Installation view of Julie Mehretu’s HOWL eon (I, II) (2017) at SFMOMA. Photo: Matthew Millman Photography.

Garrels is the fourth employee to leave the museum this month in the midst of this internal turmoil. Nan Keeton, deputy director for external relations, left the museum on July 2 by mutual agreement after she was involved in the widely reported censorship of a critical comment on Instagram from a former employee, Taylor Brandon, about SFMOMA’s treatment of Black staff members. The museum’s recruitment staffing manager and its director of HR have also resigned.

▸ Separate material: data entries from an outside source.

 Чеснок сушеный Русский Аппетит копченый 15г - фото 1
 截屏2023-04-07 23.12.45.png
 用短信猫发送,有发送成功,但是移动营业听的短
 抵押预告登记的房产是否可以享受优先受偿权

Garells recently became the target of criticism after it emerged that he (as well as the museum’s director) had received no-interest home loans from the museum, which some saw as emblematic of its unequal treatment of employees. (Garells’s loan was worth $500,000.)

During his tenure at SFMOMA, Garrels organized early museum shows by Glenn Ligon, Doris Salcedo, and Kara Walker, as well as retrospectives of the work of Vija Celmins, Bruce Conner, and Sol LeWitt. But his lasting legacy at SFMOMA may be tied to two very different initiatives: the museum’s extended loan deal of the Fisher Collection and its decision, last year, to auction off a painting by Mark Rothko for $50.1 million in order to create a dedicated fund to acquire work by female artists, artists of color, and LGBTQ+ artists. Works that have been acquired using the fund include pieces by Rebecca Belmore, Forrest Bess, Frank Bowling, Leonora Carrington, Lygia Clark, and Norman Lewis.

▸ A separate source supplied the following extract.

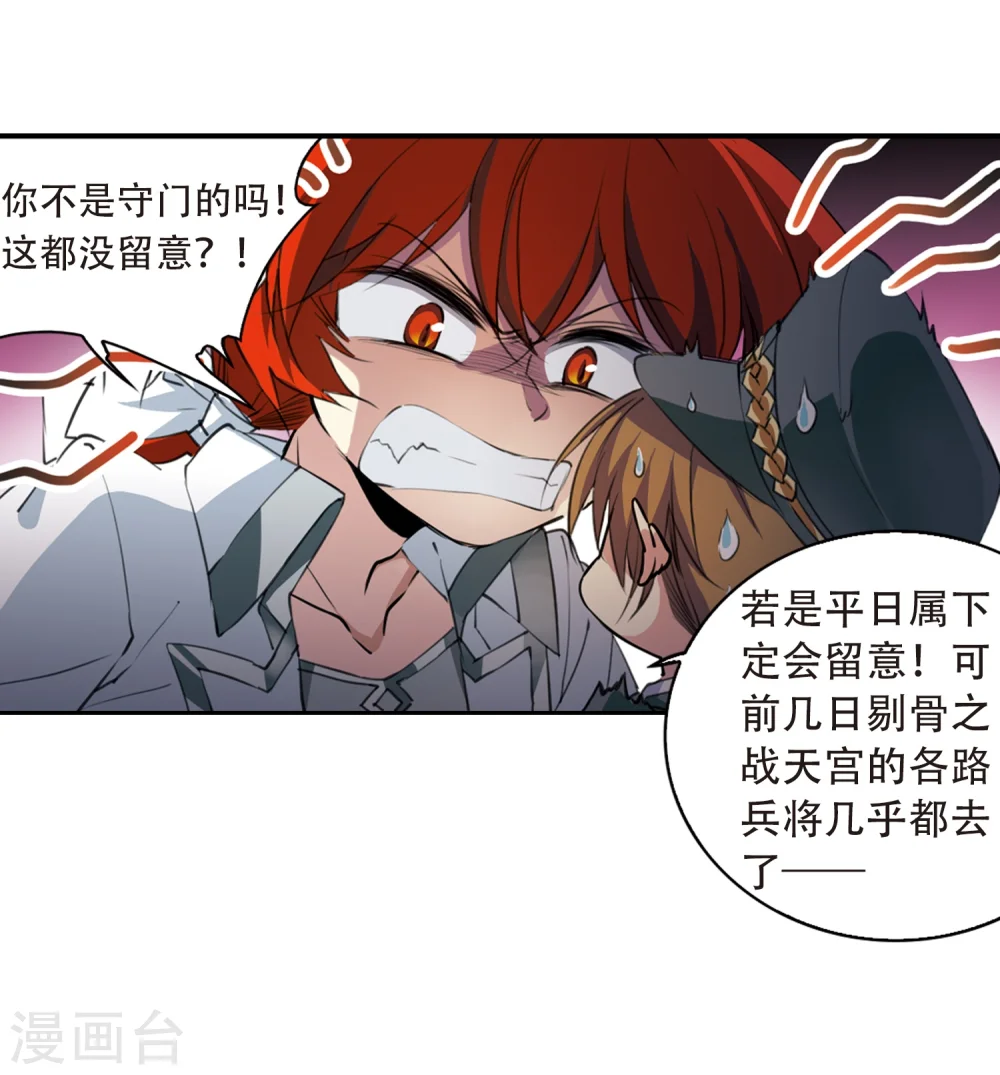 第426话 诡网织局1 第23页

The “Pop, Minimalism, and Figurative” galleries at SFMOMA. Courtesy of Ben Davis.

The “Pop, Minimalism, and Figurative” galleries at SFMOMA. Courtesy of Ben Davis.

The debate surrounding the Fisher Collection has been reignited in light of discussions about a lack of representation in SFMOMA’s collection in particular, and in Modern and contemporary art museums more broadly. In 2009, Gap founders Donald and Doris Fisher agreed to lend their collection of 1,100 works to the museum for 100 years. As part of the deal, the museum agreed to organize Fisher-only displays once a decade and to keep three-quarters of the works on show at all times in designated galleries as Fisher works. But the collection contains very few works by women or artists of color, creating a structural dominance of white men in the museum’s galleries.

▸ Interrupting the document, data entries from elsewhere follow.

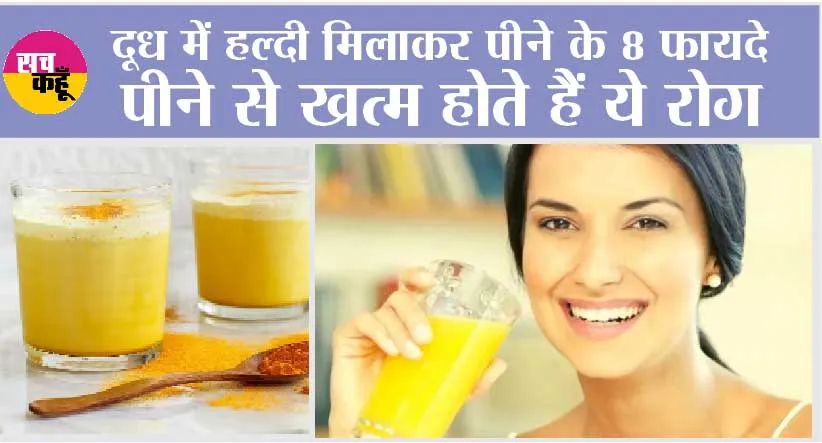 Benefits Of Turmeric Milk: दूध में हल्दी मिलाकर पीने के 8 फायदे, पीने से खत्म होते हैं ये रोग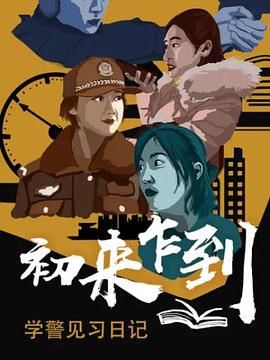 初來乍到——學(xué)警見習(xí)日記(全集)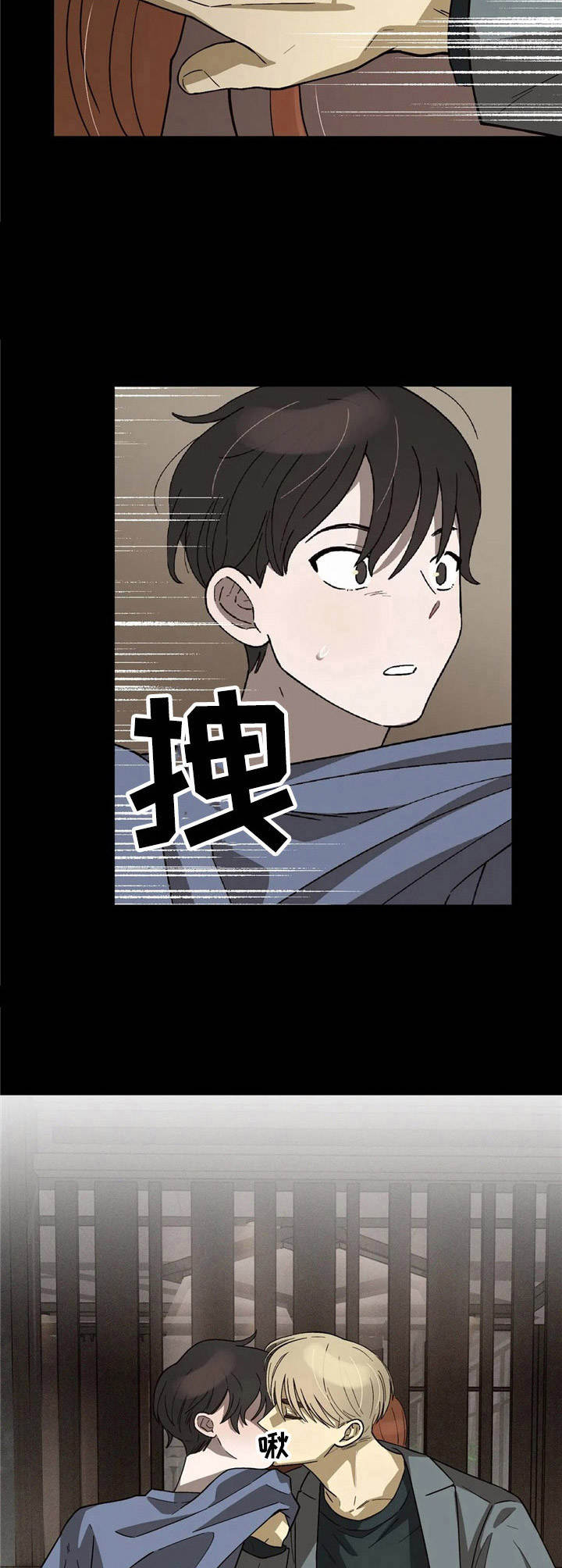 第4章：低谷期3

“There are few curators over the course of SFMOMA’s 85-year history who have made as profound a contribution to the museum and our community as Gary Garrels,” Benezra, the museum’s director, said in a statement. “I cannot thank Gary enough for his exceptional work on behalf of SFMOMA.”

Garrels’s last day at the museum will be July 31. Sarah Roberts, the museum’s head of painting and sculpture, will serve as interim chief of the department.